The federal government’s revenue is seen at RM904.83bn for the remainder of the 12th Malaysia Plan (12MP) from 2023 to 2025, resulting in a deficit of RM257.93bn. That would be an average of more than RM300bn in the next three years. For the whole of 2021-2025 period, revenue has been revised upwards to RM1.43tn, compared with RM1.23tn estimated earlier. During the first two years of the 12MP, federal government revenue was RM528.11bn.

Although no major changes in consumer tax to be expected, there will be expansion of tax bases and government revenue streams, targeted subsidies and prudent fiscal management to better manage the country's finances. While new taxes are on the cards, the government reassured that it will be taken care of and those in need will be taken care of and aid given continuously.

As part of its efforts to widen the revenue base, the government does not rule out introducing new progressive taxes (direct and indirect taxes) including a consumptionbased tax albeit we think such revenue policy enhancements will require careful planning, timing and communication. There is likely to be clarification of the luxury tax and capital gains tax on unlisted entities proposed in the revised budget 2023 in February this year.
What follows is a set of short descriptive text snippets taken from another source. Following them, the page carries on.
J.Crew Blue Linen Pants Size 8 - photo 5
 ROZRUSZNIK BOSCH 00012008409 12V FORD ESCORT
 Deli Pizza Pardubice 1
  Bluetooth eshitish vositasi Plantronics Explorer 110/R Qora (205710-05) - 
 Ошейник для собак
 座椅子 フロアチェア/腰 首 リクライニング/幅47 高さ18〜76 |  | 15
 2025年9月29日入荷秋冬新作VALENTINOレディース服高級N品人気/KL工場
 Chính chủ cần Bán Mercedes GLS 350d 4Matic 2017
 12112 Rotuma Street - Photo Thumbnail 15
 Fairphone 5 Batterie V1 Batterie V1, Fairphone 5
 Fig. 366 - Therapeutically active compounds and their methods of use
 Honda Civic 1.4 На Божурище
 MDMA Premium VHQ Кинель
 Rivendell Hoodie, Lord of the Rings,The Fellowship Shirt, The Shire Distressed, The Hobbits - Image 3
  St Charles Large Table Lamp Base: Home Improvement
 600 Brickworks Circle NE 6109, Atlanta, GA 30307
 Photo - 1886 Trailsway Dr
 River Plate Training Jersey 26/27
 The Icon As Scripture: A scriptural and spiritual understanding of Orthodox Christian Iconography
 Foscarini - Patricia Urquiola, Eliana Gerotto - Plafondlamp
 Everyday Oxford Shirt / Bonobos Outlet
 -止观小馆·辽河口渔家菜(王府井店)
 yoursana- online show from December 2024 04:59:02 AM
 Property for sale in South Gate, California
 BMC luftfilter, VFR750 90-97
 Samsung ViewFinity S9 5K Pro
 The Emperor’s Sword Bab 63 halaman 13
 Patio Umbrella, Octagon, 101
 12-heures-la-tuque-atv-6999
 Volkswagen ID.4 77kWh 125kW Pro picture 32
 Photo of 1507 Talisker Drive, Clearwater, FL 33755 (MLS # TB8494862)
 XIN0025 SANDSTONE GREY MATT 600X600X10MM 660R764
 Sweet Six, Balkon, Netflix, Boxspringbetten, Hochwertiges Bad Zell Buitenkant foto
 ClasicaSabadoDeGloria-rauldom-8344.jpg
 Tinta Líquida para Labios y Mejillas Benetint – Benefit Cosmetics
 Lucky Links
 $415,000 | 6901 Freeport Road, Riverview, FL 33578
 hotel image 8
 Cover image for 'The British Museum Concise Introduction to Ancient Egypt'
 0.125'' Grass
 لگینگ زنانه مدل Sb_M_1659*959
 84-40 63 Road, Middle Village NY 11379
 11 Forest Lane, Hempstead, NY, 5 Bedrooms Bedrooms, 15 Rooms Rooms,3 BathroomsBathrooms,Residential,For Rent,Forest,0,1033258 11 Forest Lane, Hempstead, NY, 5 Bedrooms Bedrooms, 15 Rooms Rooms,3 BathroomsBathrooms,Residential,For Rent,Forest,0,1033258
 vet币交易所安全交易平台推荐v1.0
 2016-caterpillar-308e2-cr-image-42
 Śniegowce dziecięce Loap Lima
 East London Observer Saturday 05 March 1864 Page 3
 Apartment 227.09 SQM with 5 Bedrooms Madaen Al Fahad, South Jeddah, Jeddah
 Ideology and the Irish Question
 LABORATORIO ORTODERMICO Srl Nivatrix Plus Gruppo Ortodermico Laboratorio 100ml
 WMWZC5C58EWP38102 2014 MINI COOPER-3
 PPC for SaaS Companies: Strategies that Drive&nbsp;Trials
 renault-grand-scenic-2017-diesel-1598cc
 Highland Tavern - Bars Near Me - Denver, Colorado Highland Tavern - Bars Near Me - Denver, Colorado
Capital gains tax (CGT) is among the new taxes that will be implemented next year. This has been already hinted during the re-tabling of Budget 2023 with the CGT proposal on the disposal of unlisted shares. Malaysia does not have a CGT regime except for gains arising from the disposal of real property, which may be subject to Real Property Gains Tax or RPGT. Media reports quoting Finance Minister and Prime Minister emphasised that CGT would not be introduced on listed shares and that the disposal of unlisted shares for an approved IPO would not be subject to any new CGT. Should it be materialized, we expect the CGT impact to be minimal and manageable. The luxury tax goods, which was announced during Budget 2023 but was halt few months after that could be announced again in the upcoming budget. Measures to improve the tax collection efficiency and tax compliance are anticipated as well.

On expenditure side, we expect the development expenditure (DE) allocation to trend around RM90bn-100bn, in line with the revised spending ceiling for the 12th Malaysia Plan (12MP) programmes projects. The government has increased the ceiling RM15bn for the 12MP allocation, totalling the allocation to RM415bn. As mentioned, the increase was dedicated to enhancing the standard of management and refocusing subsidies to suit the needs of the people.

In 2021, the total development expenditure was reported at RM64.3bn, while in 2022 the amount was RM71.6bn. This was only about 34% of total development expenditure allocated under the five-year plan - RM135.9bn out of RM400bn. Hence, there is another RM279bn remaining for 2023-2025. Under Budget 2023, the sum earmarked for DE was larger at RM97bn excluding RM2bn in contingency savings. Thus, that leaves about RM182bn or an average of RM91bn per year for the years 2024 – 2025. When tabling the 12MP's MTR, Prime Minister said the government is committed to spending at least RM90bn in development expenditure annually from 2023 to 2025. Henceforth, we could expect the DE for Budget 2024 to be c.RM90bn.

We view that he comprehensive review of the 12MP needs to prioritize the reinvigoration of mega projects, especially those related to infrastructure.